■ TASK TO COMPLETE ■
Set down a faithful copy of every record, and skip the pictures in it.

■ DATA FOR PROCESSING ■
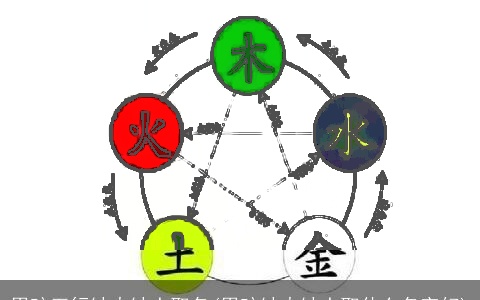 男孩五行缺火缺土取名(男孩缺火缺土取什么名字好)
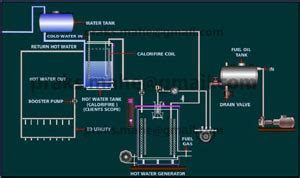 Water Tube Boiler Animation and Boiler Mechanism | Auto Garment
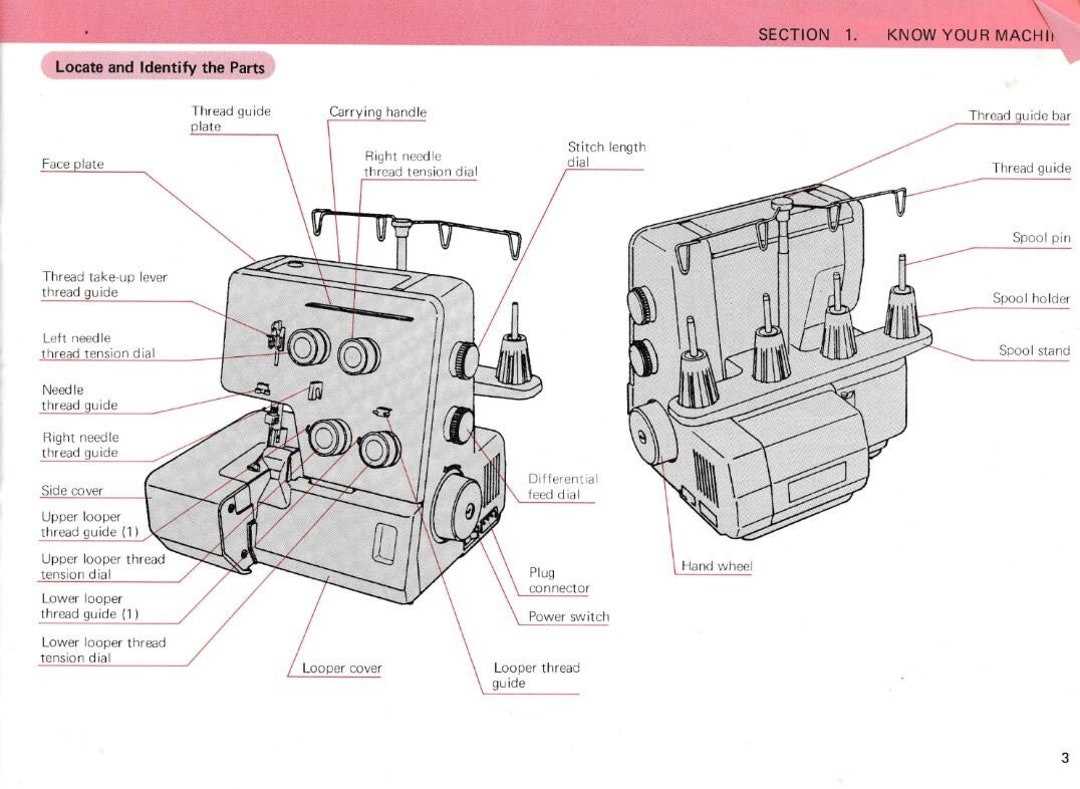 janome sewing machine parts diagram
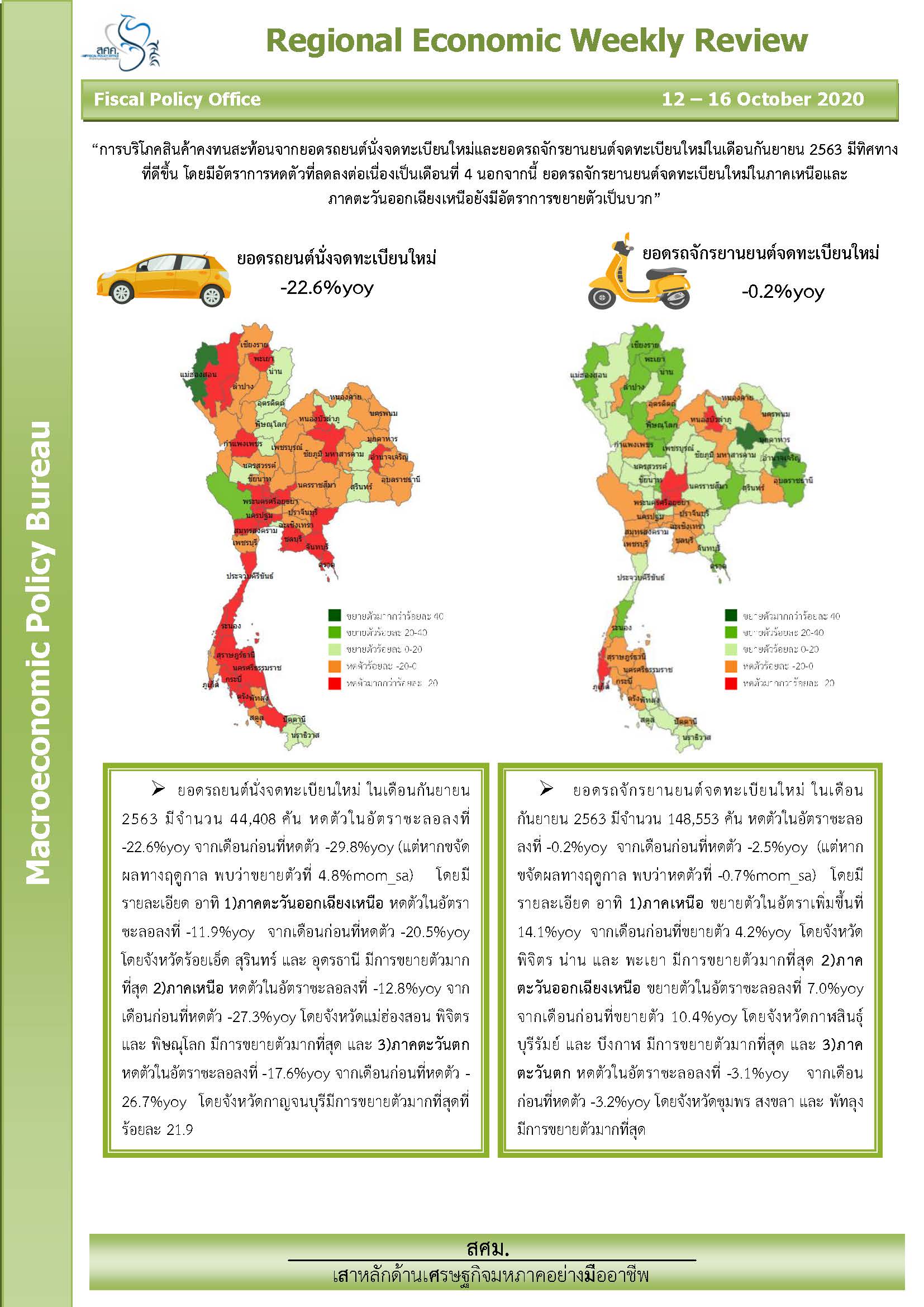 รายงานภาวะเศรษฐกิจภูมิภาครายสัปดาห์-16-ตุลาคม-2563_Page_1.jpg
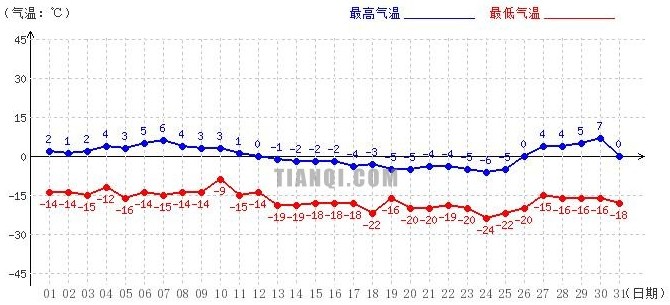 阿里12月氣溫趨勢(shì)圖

■ RESPONSE FOR THIS EXERCISE ■
 男孩五行缺火缺土取名(男孩缺火缺土取什么名字好)
 Water Tube Boiler Animation and Boiler Mechanism | Auto Garment
 janome sewing machine parts diagram
 รายงานภาวะเศรษฐกิจภูมิภาครายสัปดาห์-16-ตุลาคม-2563_Page_1.jpg
 阿里12月氣溫趨勢(shì)圖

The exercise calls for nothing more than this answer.